:: Supplied records ::

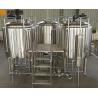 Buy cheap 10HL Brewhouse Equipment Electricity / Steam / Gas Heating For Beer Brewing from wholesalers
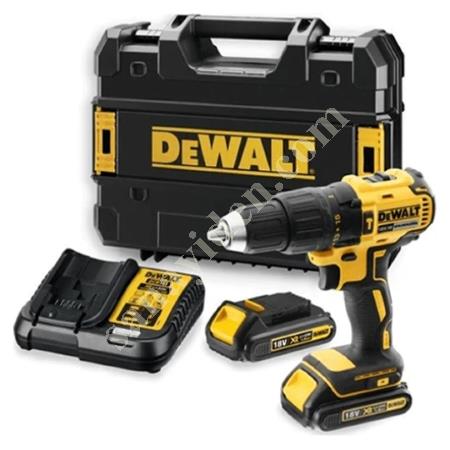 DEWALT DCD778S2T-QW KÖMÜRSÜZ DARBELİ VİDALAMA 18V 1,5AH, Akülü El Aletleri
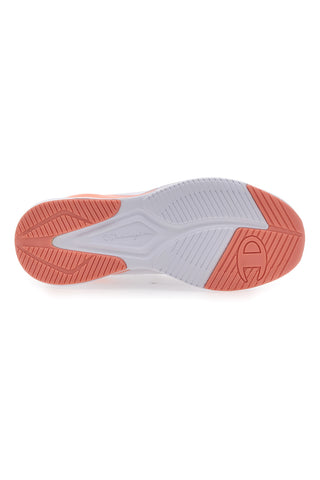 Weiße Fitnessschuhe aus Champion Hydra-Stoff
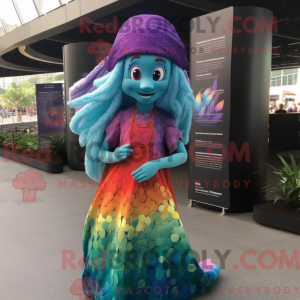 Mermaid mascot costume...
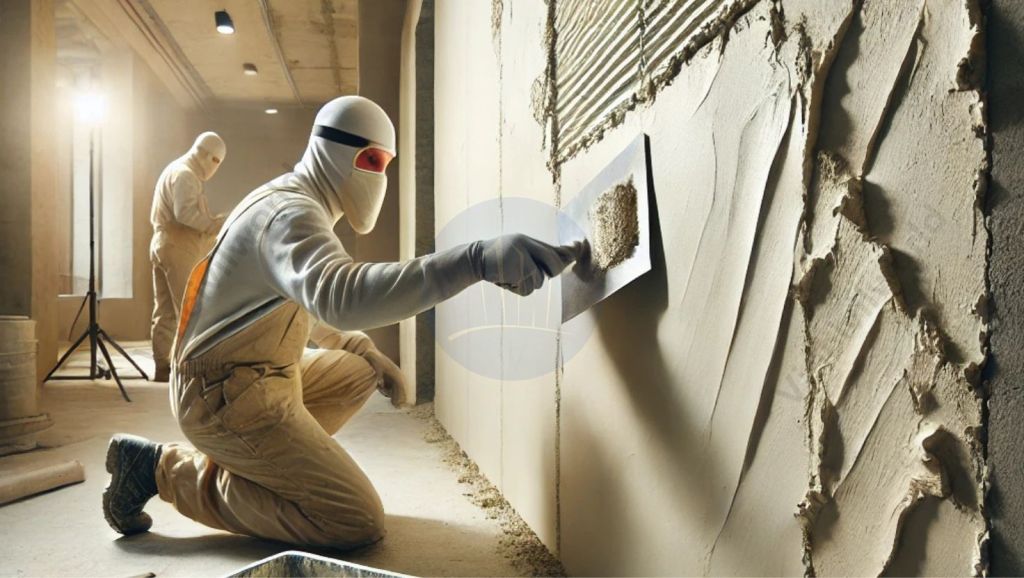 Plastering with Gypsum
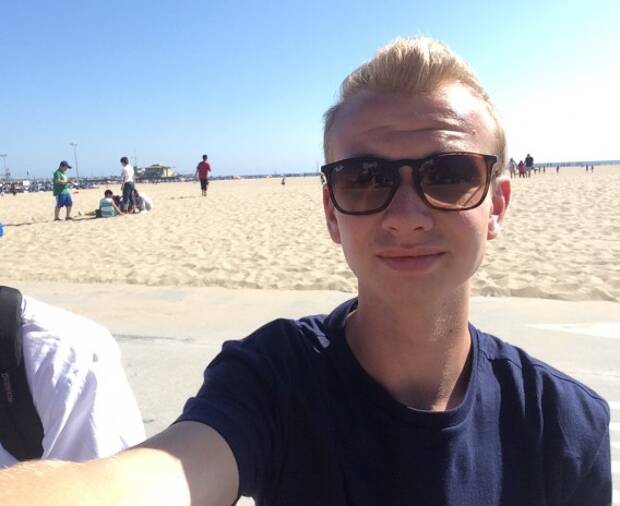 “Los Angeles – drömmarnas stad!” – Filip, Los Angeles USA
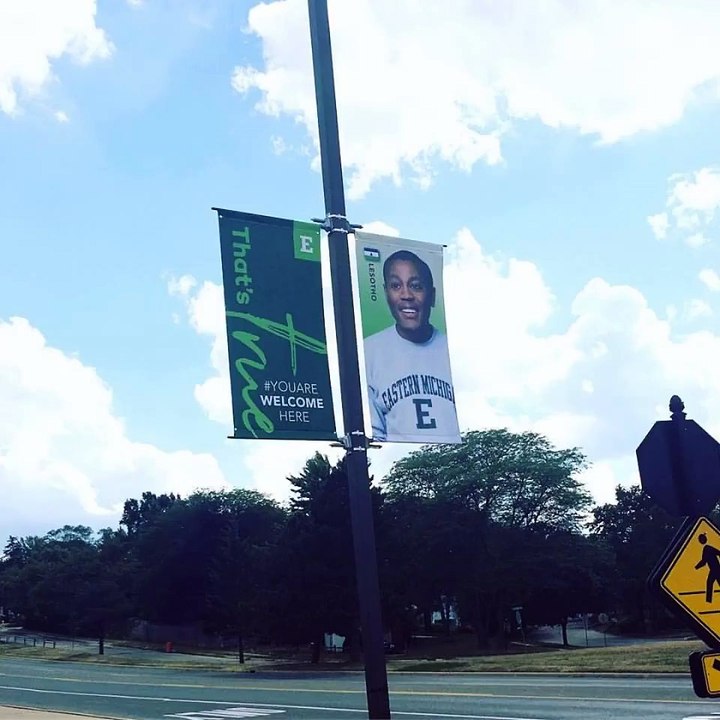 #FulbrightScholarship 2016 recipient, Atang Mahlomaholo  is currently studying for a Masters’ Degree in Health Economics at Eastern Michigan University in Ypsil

:::

What to produce: At the line containing "Weiße Fitnessschuhe aus Champion Hydra-Stoff", begin reproducing the entries word for word, and continue through their last line. Leave out the pictures.

Answer for this exercise:
 Weiße Fitnessschuhe aus Champion Hydra-Stoff
 Mermaid mascot costume...
 Plastering with Gypsum
 “Los Angeles – drömmarnas stad!” – Filip, Los Angeles USA
 #FulbrightScholarship 2016 recipient, Atang Mahlomaholo  is currently studying for a Masters’ Degree in Health Economics at Eastern Michigan University in Ypsil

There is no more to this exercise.